Their answers reflect an intense humility, but it is often different from what I feel. Their humility, combined with the sense of insignificance, seems to lead many of them to disturbing feelings of meaninglessness and hopelessness. I realized some time ago that people who do not believe in God feel the same degree of humility when they look at the night sky as I do, but they often turn the humility inward where it is translated into feelings of personal worthlessness. This feeling is not unique to the young and uninitiated in science. Physicist and Nobel laureate Steven Weinberg lamented in his book, Dreams of a Final Theory, “The more the universe seems comprehensible, the more it also seems pointless.”

I am fortunate to know that our vast universe is exactly the size it has to be to give rise to intelligent life.  Just about every scientist knows this, but the unfortunate non-believers are materialists for whom the vastness of the universe is also a constant reminder of the cold and deadly indifference of nature. Some non-believers, like the late astronomer Carl Sagan, hope for something after death, but largely accept the materialist view that this existence is all that there is. They retreat to gratitude for the moment, which is an intellectual evasion of their terrible truth.

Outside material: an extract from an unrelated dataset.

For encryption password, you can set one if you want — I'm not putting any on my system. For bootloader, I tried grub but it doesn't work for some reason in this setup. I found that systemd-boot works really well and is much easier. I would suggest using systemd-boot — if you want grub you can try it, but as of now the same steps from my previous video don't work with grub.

Other scientifically informed people evade thoughts about the creation and fine tuning of the universe in a different manner, by pushing it beyond the bounds of investigation. They maintain that ours is one of an infinite number of universes—the multiverse—which we can never observe. They argue that we must have simply won the multiverse lottery and the jackpot was all of the conditions necessary for life. It seems to me that if people feel insignificant and hopeless in a vast universe, they aren’t going to feel any better being part of an even bigger multiverse. A darker road is taken by a few, like biologist William Provine, who simply accept their insignificance and acknowledge that a godless universe can have no meaning. It is an honest assessment for a materialist, but one that is filled with despair.

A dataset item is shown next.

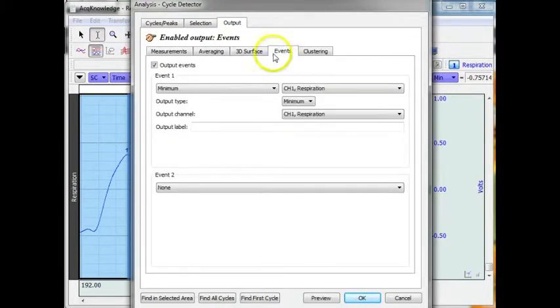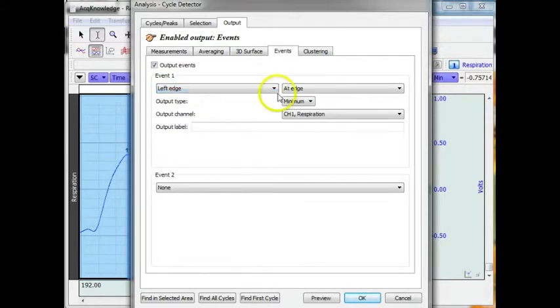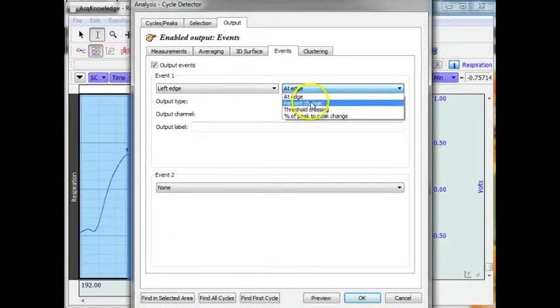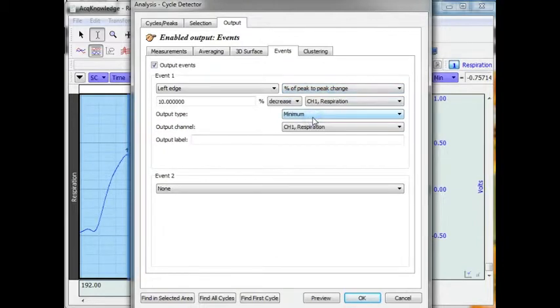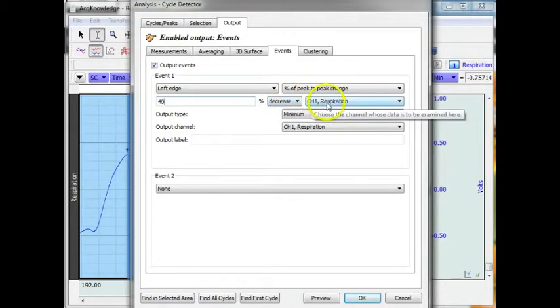I am going to go back into events. I am going to look at the left edge. And I am going to look for a percentage of peak to peak change. And I will use 40% decrease.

The deliberately more optimistic atheist will talk of his awe of the universe, but I know from experience that is only what he says in public to make his case. If he is capable of taking the next step in his reasoning, he can’t help but move to terrifying thoughts. He may feel wonder at the universe, but if he knows its history he can’t escape the understanding that nature doesn’t care about him. His awe, humility, and fear must all be based on the inescapable realization that ultimately the cosmos will bring about his destruction and the eventual annihilation of the entire human species. Nothing that he or anyone else does will ever have any meaning.  The atheist who looks at outer space as merely a pretty picture is deluding himself. If there is no loving God as Creator of the universe, what the atheist is really looking at in the heavens is the end of all hope or meaning.

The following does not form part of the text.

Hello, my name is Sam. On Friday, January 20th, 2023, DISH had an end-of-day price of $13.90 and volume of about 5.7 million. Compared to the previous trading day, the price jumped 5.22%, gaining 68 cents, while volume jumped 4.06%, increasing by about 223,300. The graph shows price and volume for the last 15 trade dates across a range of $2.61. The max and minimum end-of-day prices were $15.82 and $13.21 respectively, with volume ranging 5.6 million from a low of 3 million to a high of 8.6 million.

There is no need for such a dim view of existence. Because I believe in a loving and purposeful God, when I look at outer space, I see something created with mankind in mind. I know that I am small in physical size, but huge in significance. My awe and humility expand my being through the knowledge that there is a divine power guided by God’s love for all of us. His love changes space into something more like Star Wars: a wonderful challenge that we can meet with joy because of our God-given spirit and intellect.

When I consider your heavens,
the work of your fingers,
the moon and the stars,
which you have set in place,

What is man that you are mindful of him,
the son of man that you care for him?

You made him a little lower than the heavenly beings
and crowned him with glory and honor.